● WHAT YOU WILL DO
The data below should be restated word for word, with every picture omitted.

● DATASET CONTENT
********

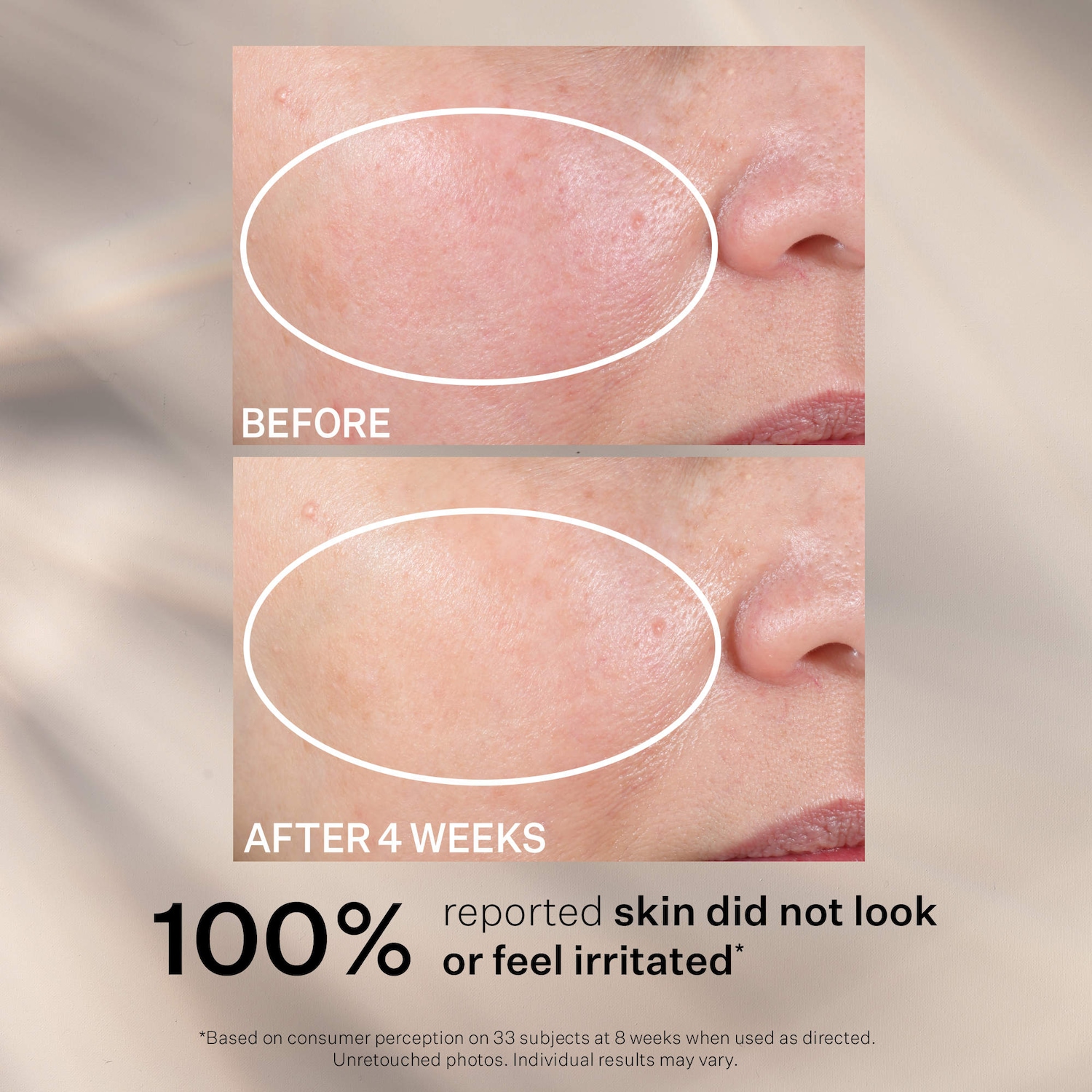 StriVectin ARナイトモイスチャライザー 30ml Advanced Retinol Nightly Renewal Face Moisturizer with Retinol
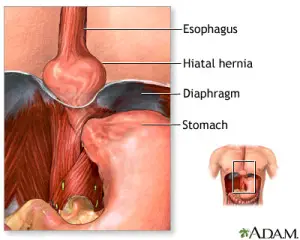 Hiatal Hernia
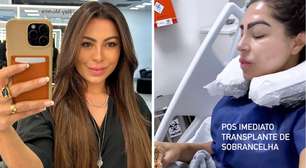Andressa Ferreira explica o processo de transplante de sobrancelha. Fotos!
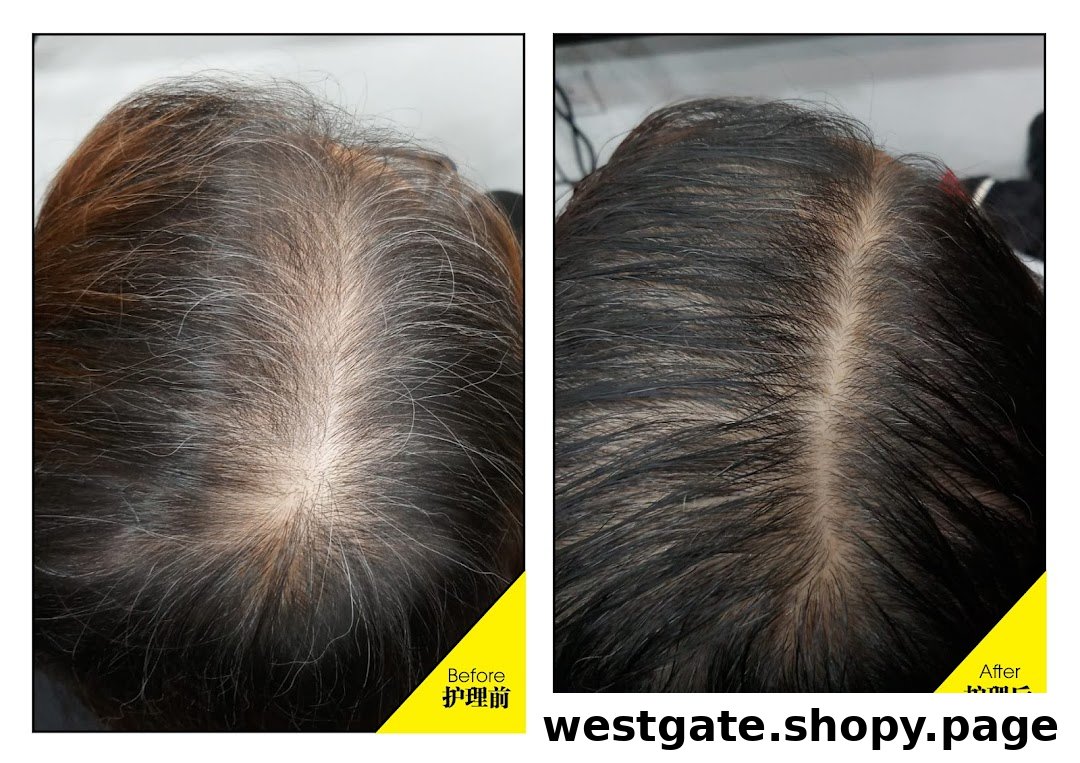 A 'before and after' comparison showcasing hair growth and scalp health improvement.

********

● TASK RESPONSE
 StriVectin ARナイトモイスチャライザー 30ml Advanced Retinol Nightly Renewal Face Moisturizer with Retinol
 Hiatal Hernia
Andressa Ferreira explica o processo de transplante de sobrancelha. Fotos!
 A 'before and after' comparison showcasing hair growth and scalp health improvement.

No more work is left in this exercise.